Published in Behavioral Predictive Modeling in Economics, 2021

Abstract:
Forecasting inflation rate is of tremendous importance for firms, consumers, as well as monetary policy makers. Besides macroeconomic indicators, professional surveys deliver experts’ expectation and perception of the future movements of the price level. This research studies survey-based inflation forecast in an extended recent sample covering the Great Recession and its aftermath. Traditional methods extract the central tendency in mean or median and use it as a predictor in a simple linear model. Among the three widely cited surveys, we confirm the superior forecasting capability of the Survey of Professional Forecasters (SPF). While each survey consists of many individual experts, we utilize machine learning methods to aggregate the individual information.

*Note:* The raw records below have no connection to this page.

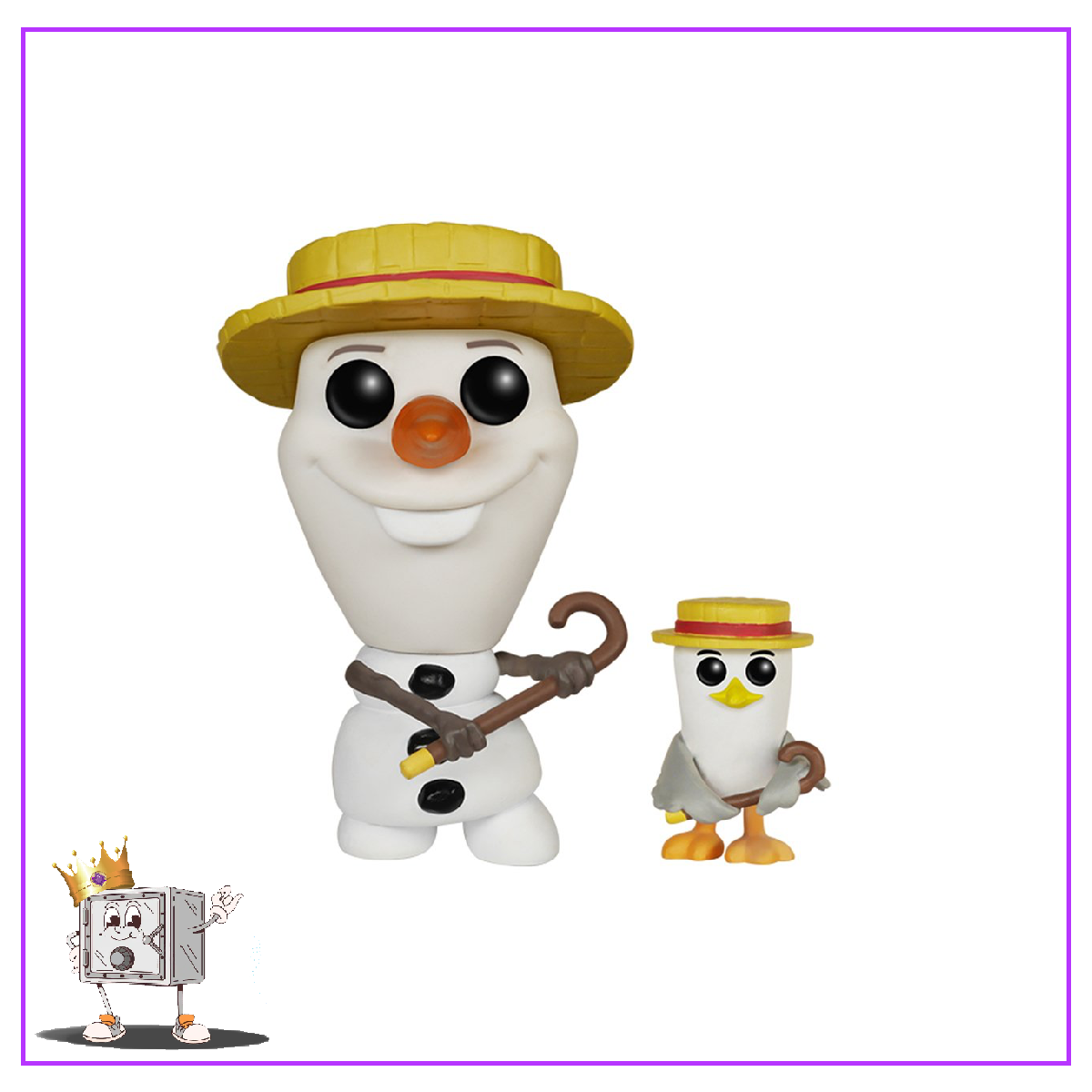 Funko Pop! Disney Frozen - Olaf with Cane #144 SDCC Shared Exclusive
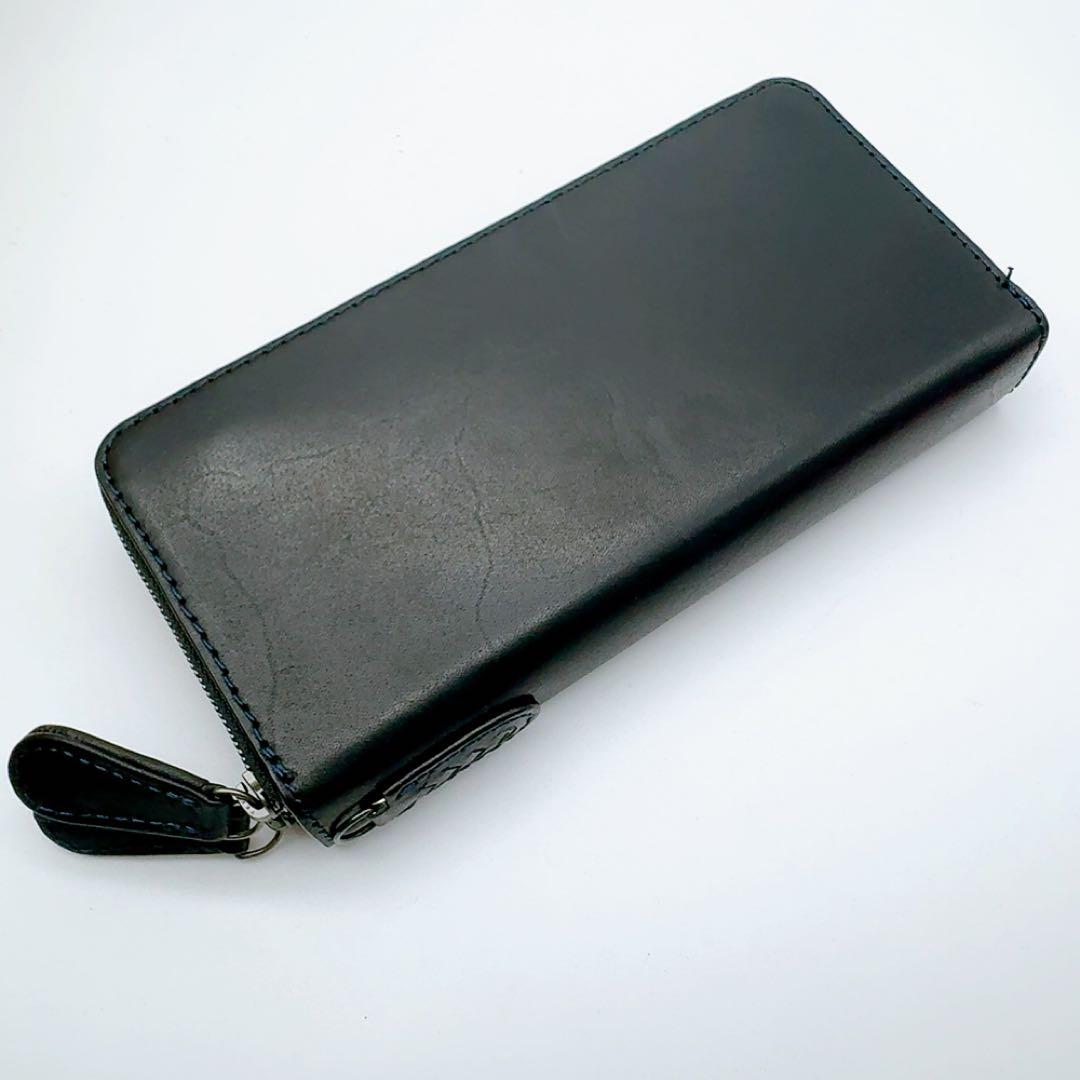 NOMADOI アラバマ ダブルラウンドジップ 長財布 ブラック レザー 新品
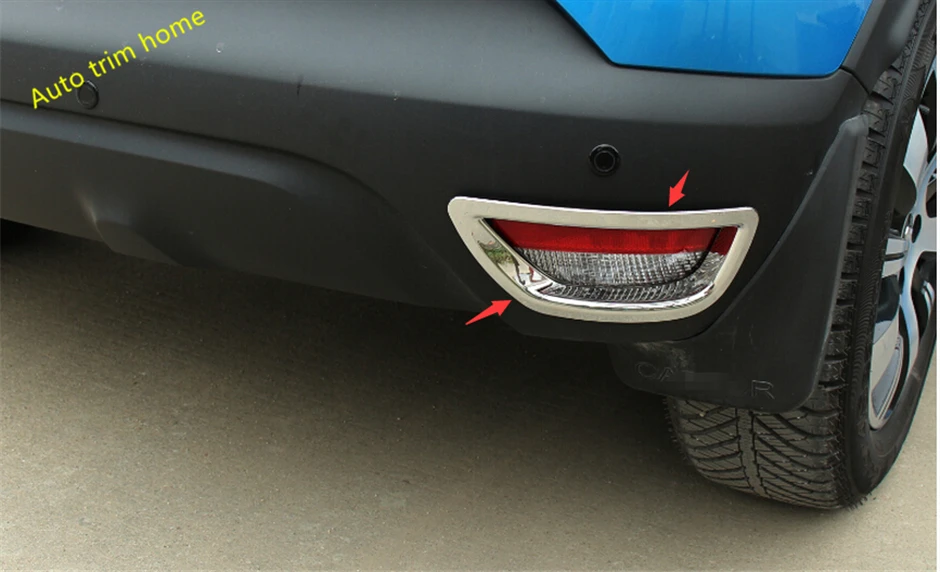 Car Accessories Fit For Renault Captur 2014 2015 2016 ABS Chrome Exterior Rear Fog Lamps Lights Cover Trims Molding Garnish Car Accessories Fit For Renault Captur 2014 2015 2016 ABS Chrome Exterior Rear Fog Lamps Lights Cover Trims Molding Garnish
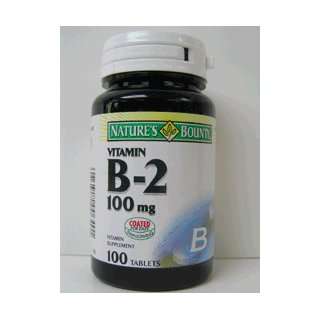  Vitamin B 2 Tablets 100 Mg, by Natures Bounty 10 Health 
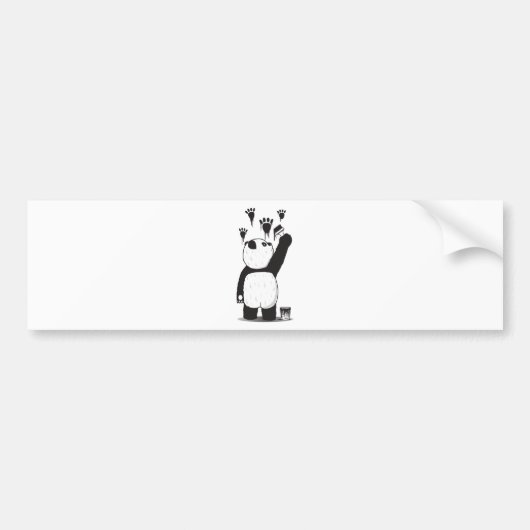 Pandalismus Autoaufkleber (Vorne)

In addition to the off-the-shelf machine leaning algorithms such as the Lasso, the random forest and the gradient boosting machine (GBM), we tailor the standard Lasso by differentiating the penalty level according to an expert’s experience, in order to handle for participants’ frequent entries and exits in surveys. The tailored Lasso delivers strong empirical results in the SPF and beats all other methods except for the overall best performer, GBM. Combining forecasts of the tailored Lasso model and GBM further achieves the most accurate inflation forecast in both the SPF and the Livingston Survey, which beyonds the reach of a single machine learning algorithm. We conclude that combination of machine learning forecasts is a useful technique to predict inflation, and averaging should be exercised in a new generation of algorithms capable of digesting disaggregated information.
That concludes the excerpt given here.